• _Entries shown_
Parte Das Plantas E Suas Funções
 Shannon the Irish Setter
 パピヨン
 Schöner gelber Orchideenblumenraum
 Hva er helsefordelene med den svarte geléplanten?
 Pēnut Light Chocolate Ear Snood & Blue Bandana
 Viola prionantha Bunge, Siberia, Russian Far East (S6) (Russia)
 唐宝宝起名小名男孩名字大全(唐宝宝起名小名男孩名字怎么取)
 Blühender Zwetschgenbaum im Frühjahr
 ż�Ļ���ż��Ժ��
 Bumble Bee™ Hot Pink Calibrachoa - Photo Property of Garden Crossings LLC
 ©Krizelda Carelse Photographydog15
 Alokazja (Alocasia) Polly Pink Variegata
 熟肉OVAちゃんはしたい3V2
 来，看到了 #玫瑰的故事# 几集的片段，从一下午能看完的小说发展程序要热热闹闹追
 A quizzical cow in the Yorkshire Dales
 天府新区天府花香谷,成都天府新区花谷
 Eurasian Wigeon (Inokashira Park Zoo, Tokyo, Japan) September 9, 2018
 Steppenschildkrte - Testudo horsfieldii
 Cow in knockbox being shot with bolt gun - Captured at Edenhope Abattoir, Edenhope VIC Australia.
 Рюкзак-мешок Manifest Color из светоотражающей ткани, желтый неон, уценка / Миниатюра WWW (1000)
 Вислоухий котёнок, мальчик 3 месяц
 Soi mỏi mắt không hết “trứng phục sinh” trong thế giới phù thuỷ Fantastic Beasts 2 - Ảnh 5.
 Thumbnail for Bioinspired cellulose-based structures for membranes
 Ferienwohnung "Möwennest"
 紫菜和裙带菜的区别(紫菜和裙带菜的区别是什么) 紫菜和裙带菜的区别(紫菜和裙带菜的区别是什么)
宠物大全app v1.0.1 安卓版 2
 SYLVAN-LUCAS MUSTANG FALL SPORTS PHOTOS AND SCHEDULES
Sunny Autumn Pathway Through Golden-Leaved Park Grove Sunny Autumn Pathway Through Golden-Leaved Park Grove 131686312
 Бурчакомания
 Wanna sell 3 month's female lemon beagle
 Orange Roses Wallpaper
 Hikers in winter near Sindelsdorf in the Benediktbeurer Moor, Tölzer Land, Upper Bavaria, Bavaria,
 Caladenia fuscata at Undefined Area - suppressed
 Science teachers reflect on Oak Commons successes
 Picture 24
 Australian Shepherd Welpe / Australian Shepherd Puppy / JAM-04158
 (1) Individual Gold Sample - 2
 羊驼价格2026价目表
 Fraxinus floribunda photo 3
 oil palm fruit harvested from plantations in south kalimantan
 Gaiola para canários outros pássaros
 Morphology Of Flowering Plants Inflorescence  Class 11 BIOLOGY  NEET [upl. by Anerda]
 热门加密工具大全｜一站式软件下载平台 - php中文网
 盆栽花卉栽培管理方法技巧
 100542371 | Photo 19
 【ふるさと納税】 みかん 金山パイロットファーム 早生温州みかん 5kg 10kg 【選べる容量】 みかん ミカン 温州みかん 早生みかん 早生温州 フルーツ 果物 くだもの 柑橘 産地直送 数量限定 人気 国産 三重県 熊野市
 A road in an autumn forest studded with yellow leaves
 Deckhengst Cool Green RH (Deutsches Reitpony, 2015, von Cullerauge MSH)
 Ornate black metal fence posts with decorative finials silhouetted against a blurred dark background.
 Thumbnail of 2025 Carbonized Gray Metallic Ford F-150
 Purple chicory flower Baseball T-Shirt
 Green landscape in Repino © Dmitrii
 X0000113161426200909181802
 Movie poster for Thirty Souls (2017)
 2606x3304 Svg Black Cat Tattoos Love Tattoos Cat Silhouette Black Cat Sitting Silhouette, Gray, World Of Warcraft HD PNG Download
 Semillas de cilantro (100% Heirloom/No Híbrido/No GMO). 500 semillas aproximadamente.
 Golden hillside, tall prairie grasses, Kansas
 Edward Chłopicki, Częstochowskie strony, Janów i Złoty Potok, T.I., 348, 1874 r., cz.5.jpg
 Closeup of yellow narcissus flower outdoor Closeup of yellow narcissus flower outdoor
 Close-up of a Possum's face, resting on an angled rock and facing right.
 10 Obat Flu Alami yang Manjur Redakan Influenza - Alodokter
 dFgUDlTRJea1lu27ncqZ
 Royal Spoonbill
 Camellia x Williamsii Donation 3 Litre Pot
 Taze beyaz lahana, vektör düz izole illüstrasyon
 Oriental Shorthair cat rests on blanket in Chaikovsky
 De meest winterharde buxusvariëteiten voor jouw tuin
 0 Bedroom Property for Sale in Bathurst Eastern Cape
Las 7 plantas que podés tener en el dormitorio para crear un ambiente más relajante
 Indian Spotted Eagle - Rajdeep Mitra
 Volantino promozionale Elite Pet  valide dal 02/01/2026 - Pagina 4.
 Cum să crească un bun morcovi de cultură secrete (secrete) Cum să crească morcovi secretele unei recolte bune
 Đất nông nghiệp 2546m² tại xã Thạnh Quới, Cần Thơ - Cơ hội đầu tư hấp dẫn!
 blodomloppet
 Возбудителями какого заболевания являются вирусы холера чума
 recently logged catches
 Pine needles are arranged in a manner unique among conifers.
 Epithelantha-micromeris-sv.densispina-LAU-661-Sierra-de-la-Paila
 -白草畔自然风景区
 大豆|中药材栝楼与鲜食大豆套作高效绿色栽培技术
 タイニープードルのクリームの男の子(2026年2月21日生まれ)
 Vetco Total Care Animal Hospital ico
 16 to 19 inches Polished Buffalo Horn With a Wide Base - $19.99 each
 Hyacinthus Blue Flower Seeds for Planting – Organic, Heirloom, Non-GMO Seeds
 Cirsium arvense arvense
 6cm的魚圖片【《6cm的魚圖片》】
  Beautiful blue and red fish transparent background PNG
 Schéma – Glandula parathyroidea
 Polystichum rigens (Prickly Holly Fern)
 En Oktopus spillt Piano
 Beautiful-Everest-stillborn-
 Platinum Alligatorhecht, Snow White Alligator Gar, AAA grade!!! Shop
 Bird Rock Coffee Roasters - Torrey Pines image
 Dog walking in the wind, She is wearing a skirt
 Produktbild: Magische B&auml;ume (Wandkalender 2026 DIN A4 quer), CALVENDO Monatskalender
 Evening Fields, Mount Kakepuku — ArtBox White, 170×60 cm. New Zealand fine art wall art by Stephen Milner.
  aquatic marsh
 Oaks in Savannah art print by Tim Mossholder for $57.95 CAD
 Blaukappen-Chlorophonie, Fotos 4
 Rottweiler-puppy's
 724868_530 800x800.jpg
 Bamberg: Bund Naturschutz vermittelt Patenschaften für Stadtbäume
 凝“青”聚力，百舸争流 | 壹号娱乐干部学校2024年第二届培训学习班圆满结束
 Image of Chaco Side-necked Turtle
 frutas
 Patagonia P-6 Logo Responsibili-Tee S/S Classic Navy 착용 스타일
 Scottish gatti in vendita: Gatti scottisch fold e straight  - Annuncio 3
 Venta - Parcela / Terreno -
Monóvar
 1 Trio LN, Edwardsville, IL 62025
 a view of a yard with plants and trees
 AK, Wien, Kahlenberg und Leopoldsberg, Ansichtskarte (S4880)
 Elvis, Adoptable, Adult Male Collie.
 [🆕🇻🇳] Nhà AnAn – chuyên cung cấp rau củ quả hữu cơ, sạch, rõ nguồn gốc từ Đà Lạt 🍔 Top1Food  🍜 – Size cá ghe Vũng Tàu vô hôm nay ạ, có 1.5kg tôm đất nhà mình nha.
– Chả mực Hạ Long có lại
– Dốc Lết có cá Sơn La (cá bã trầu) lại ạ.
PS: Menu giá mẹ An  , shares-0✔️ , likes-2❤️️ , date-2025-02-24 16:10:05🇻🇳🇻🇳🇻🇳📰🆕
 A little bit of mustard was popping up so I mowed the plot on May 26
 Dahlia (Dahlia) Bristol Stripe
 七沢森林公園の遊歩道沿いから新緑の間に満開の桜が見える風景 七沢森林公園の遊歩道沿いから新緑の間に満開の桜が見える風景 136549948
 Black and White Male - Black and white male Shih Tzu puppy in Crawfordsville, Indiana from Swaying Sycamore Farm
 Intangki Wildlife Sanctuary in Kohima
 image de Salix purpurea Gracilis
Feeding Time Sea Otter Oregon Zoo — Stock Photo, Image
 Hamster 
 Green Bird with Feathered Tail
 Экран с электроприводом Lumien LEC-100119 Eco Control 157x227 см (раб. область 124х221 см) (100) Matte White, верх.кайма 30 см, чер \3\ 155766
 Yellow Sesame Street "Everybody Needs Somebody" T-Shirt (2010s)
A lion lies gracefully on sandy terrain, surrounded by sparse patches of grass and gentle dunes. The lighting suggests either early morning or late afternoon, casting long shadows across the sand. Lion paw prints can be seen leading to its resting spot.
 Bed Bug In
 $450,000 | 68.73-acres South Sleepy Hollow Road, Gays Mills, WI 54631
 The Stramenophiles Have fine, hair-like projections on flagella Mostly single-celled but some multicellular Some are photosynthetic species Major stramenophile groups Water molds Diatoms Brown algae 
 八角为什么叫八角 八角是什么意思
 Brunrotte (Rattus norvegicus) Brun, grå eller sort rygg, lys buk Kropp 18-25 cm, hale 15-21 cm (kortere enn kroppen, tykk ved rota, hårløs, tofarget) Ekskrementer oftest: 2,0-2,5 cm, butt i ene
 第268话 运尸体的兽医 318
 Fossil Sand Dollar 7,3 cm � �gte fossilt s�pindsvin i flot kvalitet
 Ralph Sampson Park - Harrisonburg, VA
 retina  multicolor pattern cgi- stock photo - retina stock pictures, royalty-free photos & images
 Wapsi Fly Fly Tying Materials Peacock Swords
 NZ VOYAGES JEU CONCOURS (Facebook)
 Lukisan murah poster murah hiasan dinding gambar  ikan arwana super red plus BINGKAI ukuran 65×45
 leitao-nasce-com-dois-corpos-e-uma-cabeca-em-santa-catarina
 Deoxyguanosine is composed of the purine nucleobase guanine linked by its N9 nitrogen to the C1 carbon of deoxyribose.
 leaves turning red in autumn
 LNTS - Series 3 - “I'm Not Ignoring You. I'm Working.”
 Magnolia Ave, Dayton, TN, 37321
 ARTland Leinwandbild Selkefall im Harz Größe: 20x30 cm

• _Exercise details_
A verbatim transcription is needed of the lines above, starting at the line with "Beautiful blue and" and ending at the line with "Bird Rock Coffee", both included, and of nothing else.

• _Exercise response_
  Beautiful blue and red fish transparent background PNG
 Schéma – Glandula parathyroidea
 Polystichum rigens (Prickly Holly Fern)
 En Oktopus spillt Piano
 Beautiful-Everest-stillborn-
 Platinum Alligatorhecht, Snow White Alligator Gar, AAA grade!!! Shop
 Bird Rock Coffee Roasters - Torrey Pines image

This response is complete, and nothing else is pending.